I sometimes listen to an NPR podcast called Science Friday.
Oh, great, did I just lose every reader with that first sentence?
Well, in case you're still with me, I've got to recommend that you take some time to listen to one of the show's recent stories, "The Future of the Internet." It's a rebroadcast of a segment of a 1993 Science Friday episode.
Think back to 1993. Did you even know what the Internet was? My dad is pretty tech-savvy, and I think we got Compuserve in 1994 or 1995. We got a certain number of hours of access per month (five, maybe?), and beyond that we had to pay per minute. There was no Google or Facebook or Twitter, and--oh, this one makes my heart ache--no Amazon! (And speaking of Amazon, remember when it was just an online bookstore?)
The comments on this show are just awesome. One guy named Dave calls in and suggests, "Let's say I find some song I really like.
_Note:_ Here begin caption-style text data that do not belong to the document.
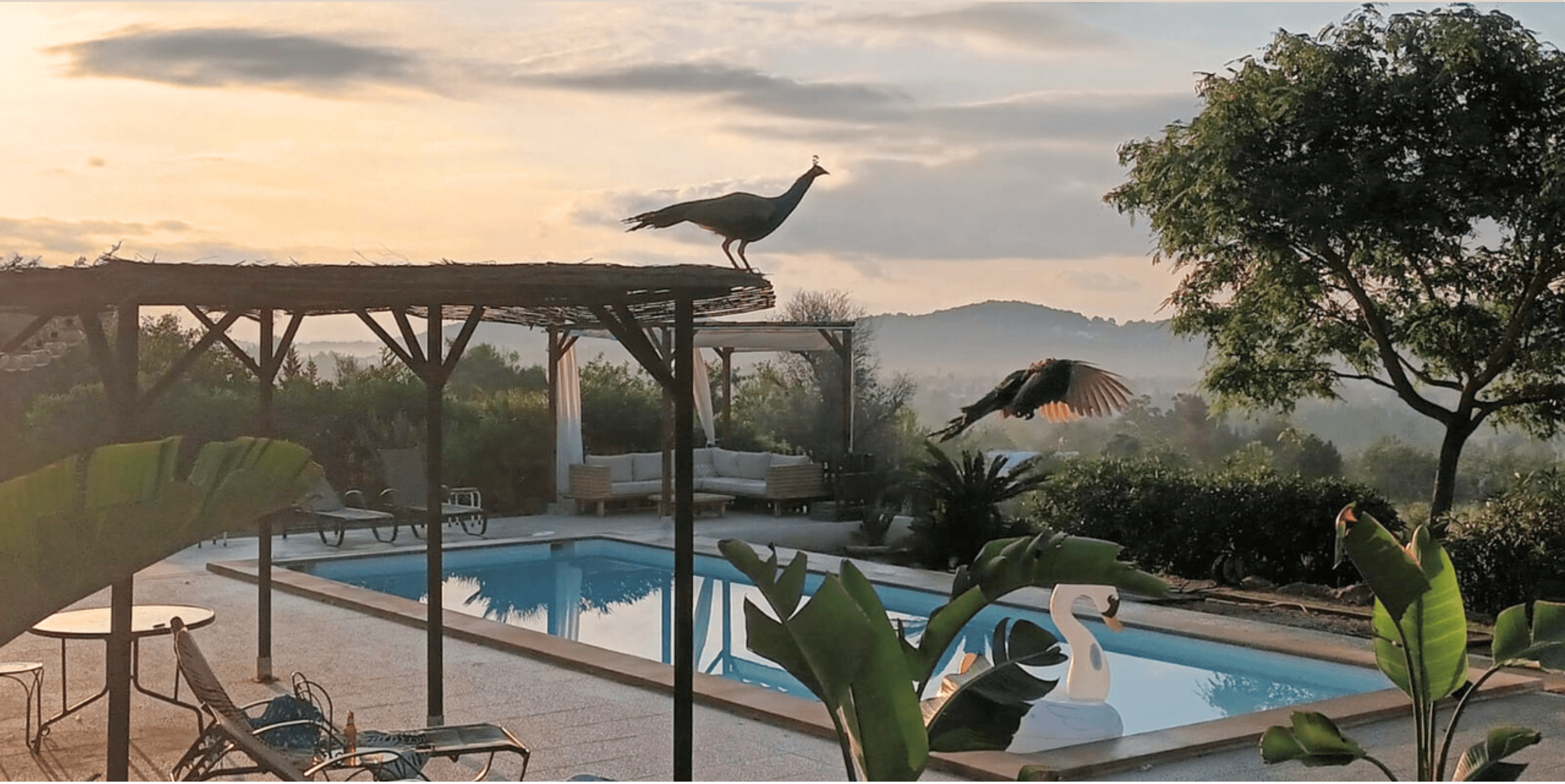 peacocks flying over pool
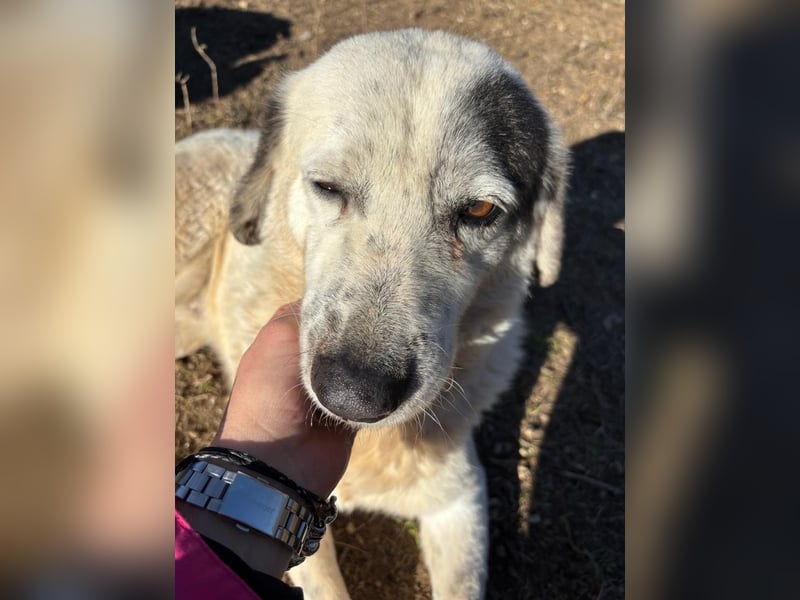 Katia- Senior-Hund sucht endlich Sicherheit & Liebe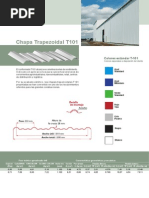 Chapa T101
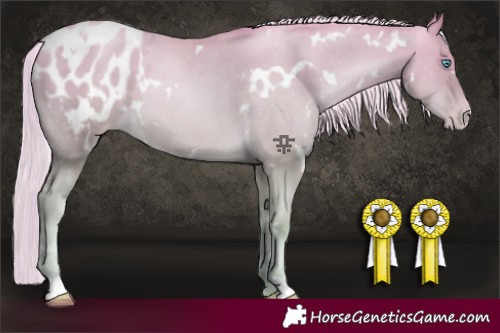 Horse Color:White Spotted Gold Cream Champagne Pearl Varnish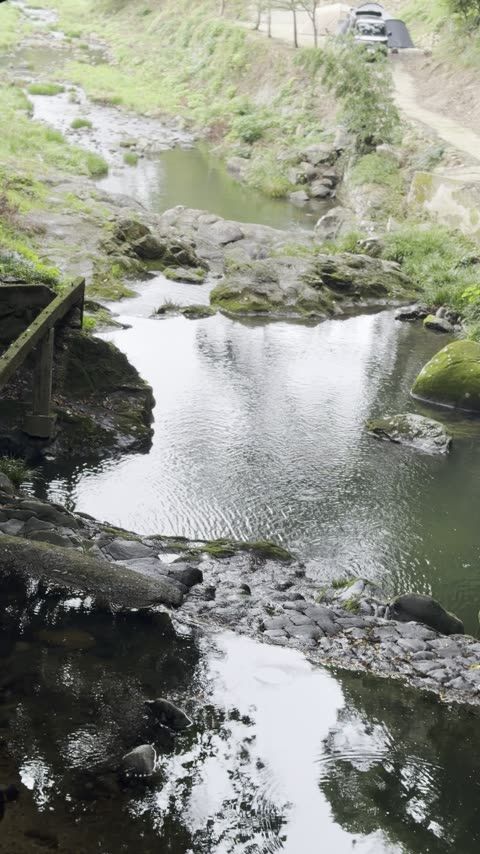 鮎屋の滝 舗装路100m・愛犬と歩きやすい遊歩道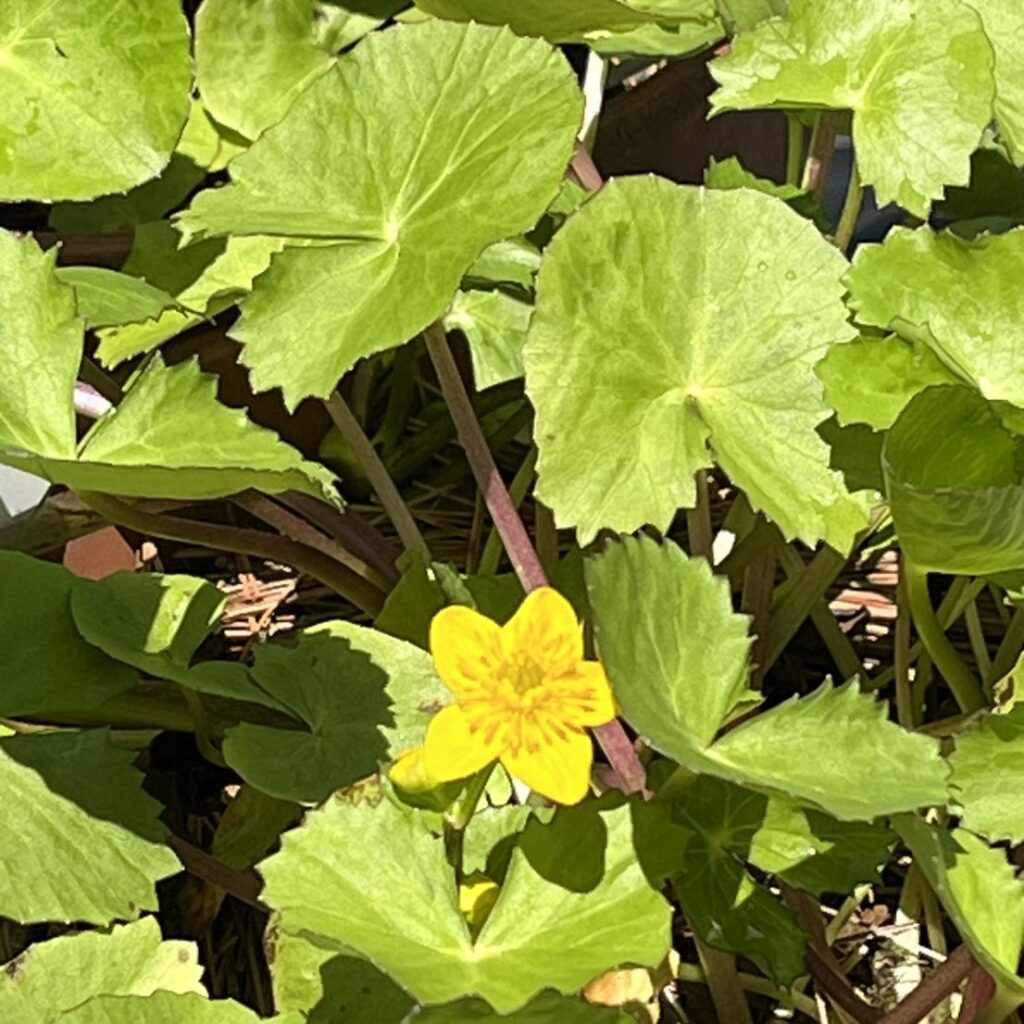 エンコウソウ：茎と葉と花 ／ Yellow Marsh Marigold - Stems, leaves and flower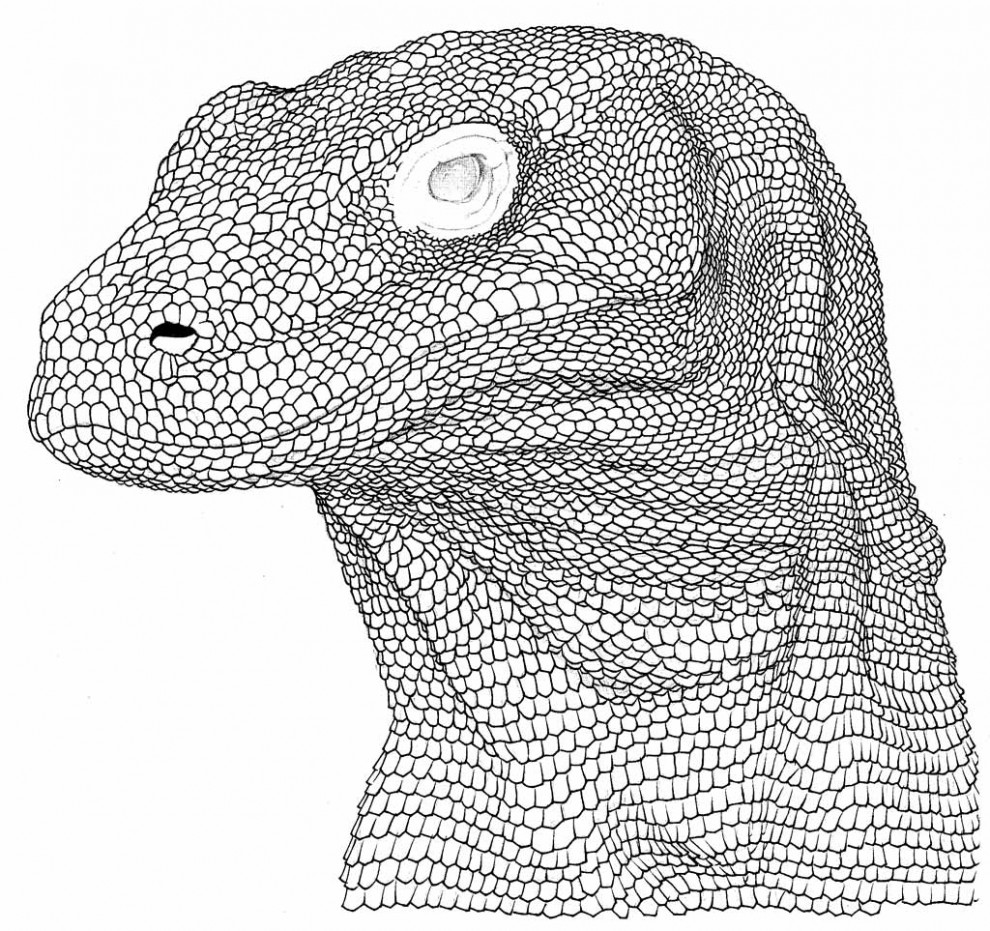 Kimono Dragon - Refined Scale Layer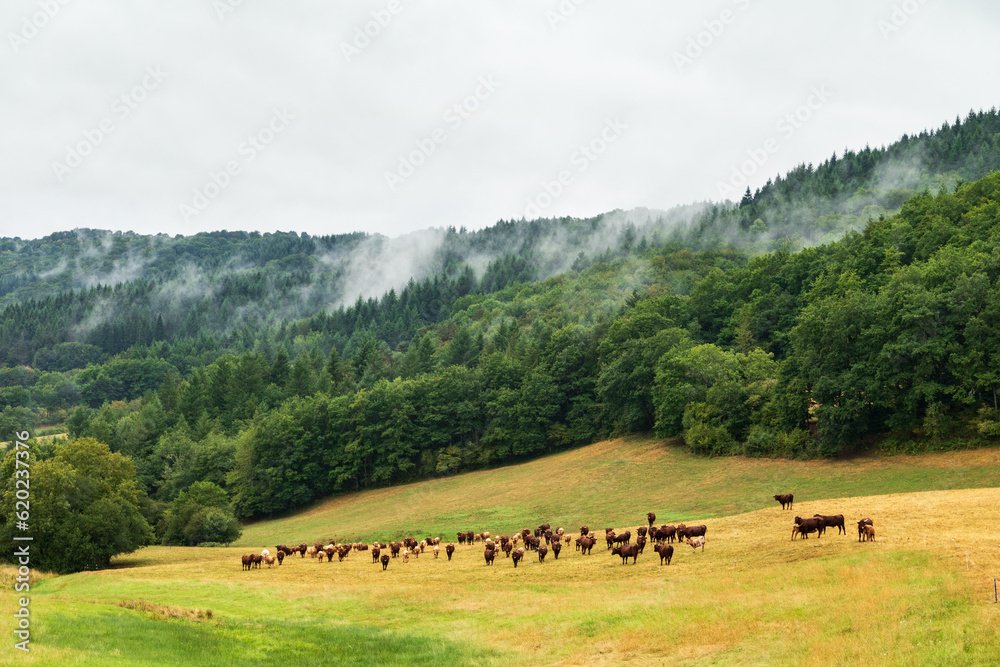 Troupeau de vaches de race salers dans la montagne du Cantal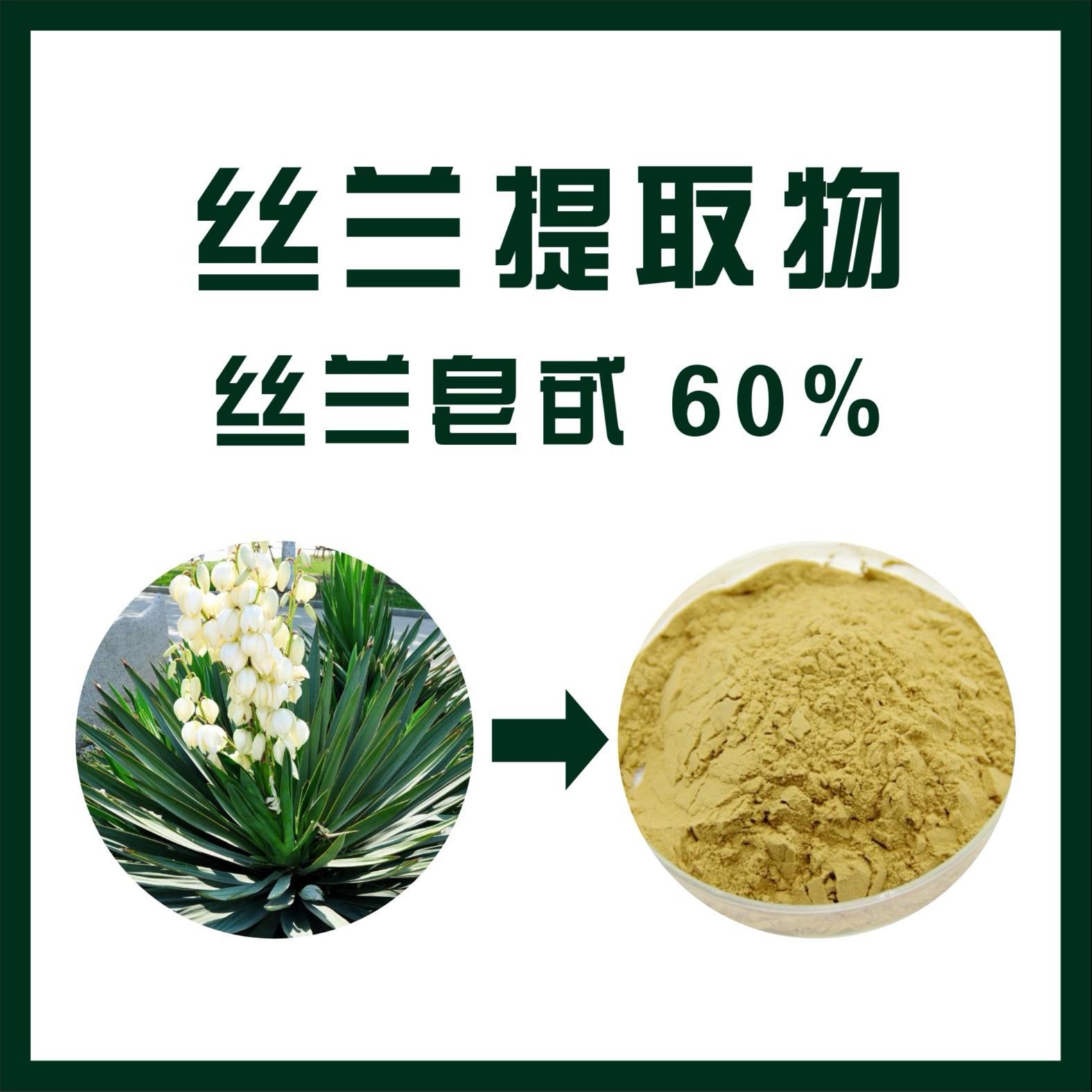 厂家现货供应 丝兰皂甙60% 丝兰提取物 喷雾干燥工艺 陕西新天域生产厂家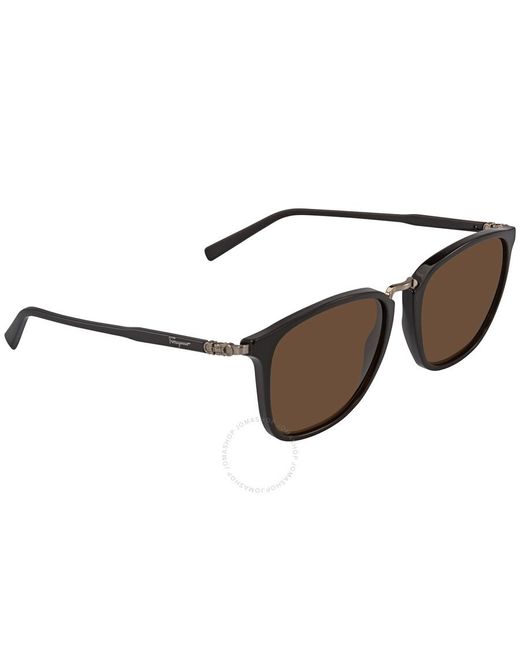 Ferragamo Brown Square Sunglasses for men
It'd be nice to go to, like, Sony, or RCA, or wherever these record companies are, and download a particular song and if I like it, you know, upload a credit card number." (Let's hope this guy invested in Apple early on, and profited off iTunes!)
Another lady calls in, worried about how we know what information to trust on the Internet. (Of course, this was years before teachers had to set rules about using Wikipedia as a source!)
And then there are the numerous references to "electronic mail." (When's the last time you even pondered what "email" stands for?)